MySQL Bugs: #2615: Performance problem when joining NULLs

Bug #2615	Performance problem when joining NULLs
Submitted:	2 Feb 2004 11:03	Modified:	18 Apr 2007 22:49
Reporter:	Nathan Goodman	Email Updates:
Status:	Duplicate	Impact on me:	None
Category:	MySQL Server: MyISAM storage engine	Severity:	S2 (Serious)
Version:	4.1	OS:	Linux (Red Hat 9.0)
Assigned to:	Assigned Account	CPU Architecture:	Any

Description:
When there are lots of NULLs in the columns on both sides of a join, performance drastically slows down. 

With inner joins, the obvious workaround is to check for NULL in the WHERE clause.  With outer joins -- the case I care about -- this changes the answer.  Putting the check in the ON clause doesn't fix the performance problem.

How to repeat:
I have a complete test program which I can send, but it's pretty easy to reproduce the problem from scratch as follows.

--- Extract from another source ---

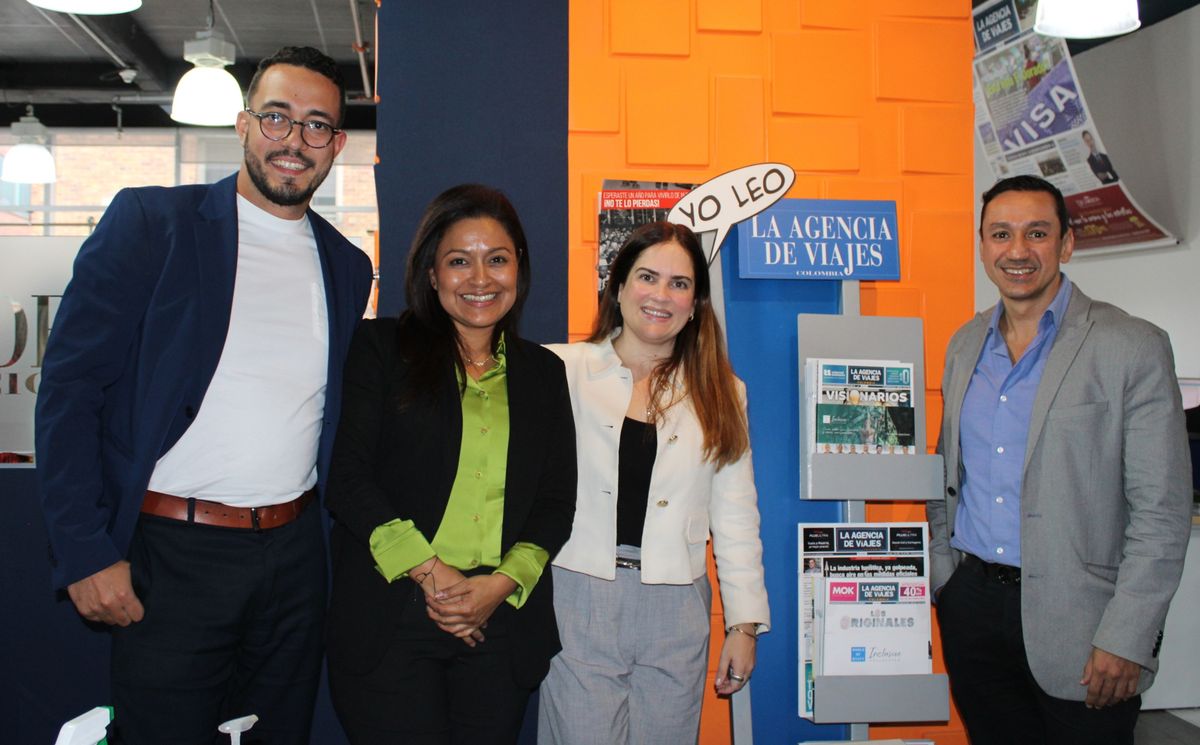 Jandir Moquete, Group Sales Manager de las propiedades de Meliá Hotels International en República Dominicana; Gabriela Iturralde, directora de Ventas para Grupos Corporativos de las propiedades de Meliá en México; Paula Forero, gerente general de Paradisus Palma Real; y Ángel Velásquez, director de Ventas para Centroamérica, Colombia, Ecuador, Perú y Venezuela de Meliá Hotels International.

CREATE TABLE AB (a INT NULL, b INT NULL);
CREATE TABLE BC (b INT NULL, c INT NULL, INDEX(b));

Insert into AB one row (1,1), then lots of rows (i,NULL) for i=2,...
Insert into BC one row (1,1), then lots of rows (NULL,i) for i=2,...

The test query is

SELECT AB.a, AB.b AS b0, BC.b AS b1, BC.c FROM AB, BC WHERE AB.b=BC.b;

The answer, of course, is 

+------+------+------+------+
| a    | b0   | b1   | c    |
+------+------+------+------+
|    1 |    1 |    1 |    1 |
+------+------+------+------+

With 1000 rows it takes 2.6 secs to compute this answer on my machine. 
With 2000 rows, it takes 10.5 secs.
With 4000 rows, it takes 41.5 secs.

My real application uses an outer join similar to

SELECT AB.a, AB.b AS b0, BC.b AS b1, BC.c FROM AB LEFT JOIN BC ON AB.b=BC.b;

My real database has many tens of thousands of NULLs on both sides of the join.  As you can guess, my real query on my real database takes a VERY long time to complete -- so long that my users quit before it finishes and tell me that the system is hung!

Suggested fix:
It feels like the join processor is treating the NULLs as real values and constructing a large product (which it then discards since NULLs don't really match), rather than short-circuiting the computation as soon as it sees a NULL.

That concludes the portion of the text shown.